= A5/2 =

Stream cipher

A5/2 is a stream cipher used to provide voice privacy in the GSM cellular telephone protocol. It was designed in 1992-1993 (finished March 1993) as a replacement for the relatively stronger (but still weak) A5/1, to allow the GSM standard to be exported to countries "with restrictions on the import of products with cryptographic security features".

The cipher is based on a combination of four linear-feedback shift registers with irregular clocking and a non-linear combiner.

In 1999, Ian Goldberg and David A. Wagner cryptanalyzed A5/2 in the same month it was reverse engineered, and showed that it was extremely weak – so much so that low end equipment can probably break it in real time.

In 2003, Elad Barkan, Eli Biham and Nathan Keller presented a ciphertext-only attack based on the error correcting codes used in GSM communication.

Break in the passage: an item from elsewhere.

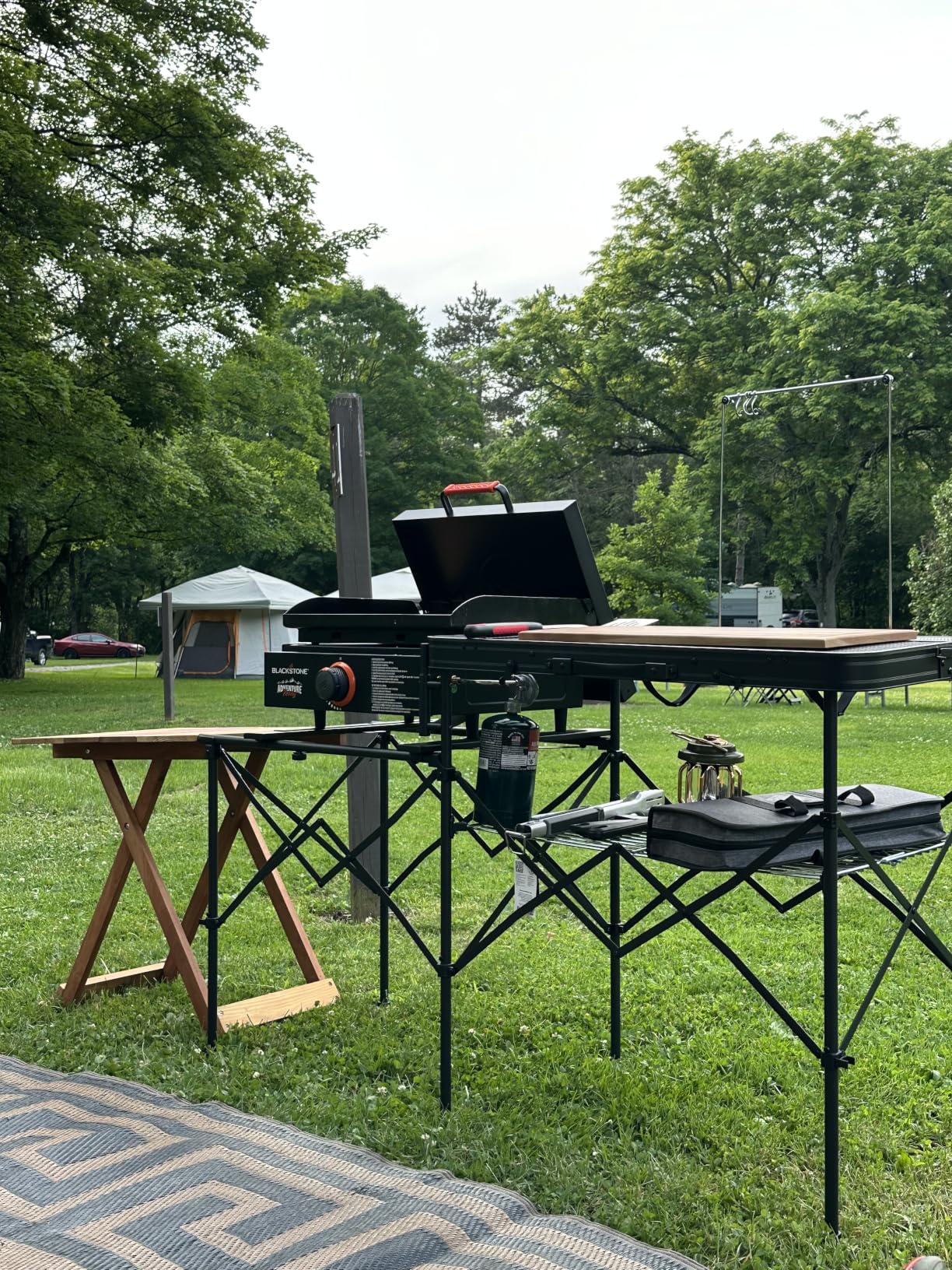 TIMBER RIDGE Portable Camping Kitchen Station, Folding Outdoor Grill Table | 110lbs Capacity Heat-Resistant Steel Mesh Top & Storage Shelves, Heavy Duty Picnic RV Tailgating BBQ Easy Setup customer photo 1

They also demonstrated a vulnerability in the GSM protocols that allows a man-in-the-middle attack to work whenever the mobile phone supports A5/2, regardless of whether it was actually being used.

Since July 1, 2006, the GSMA (GSM Association) mandated that GSM Mobile Phones will not support the A5/2 Cipher any longer, due to its weakness, and the fact that A5/1 is deemed mandatory by the 3GPP association. In July 2007, the 3GPP has approved a change request to prohibit the implementation of A5/2 in any new mobile phones, stating: "It is mandatory for A5/1 and non encrypted mode to be implemented in mobile stations. It is prohibited to implement A5/2 in mobile stations." If the network does not support A5/1 then an unencrypted connection can be used.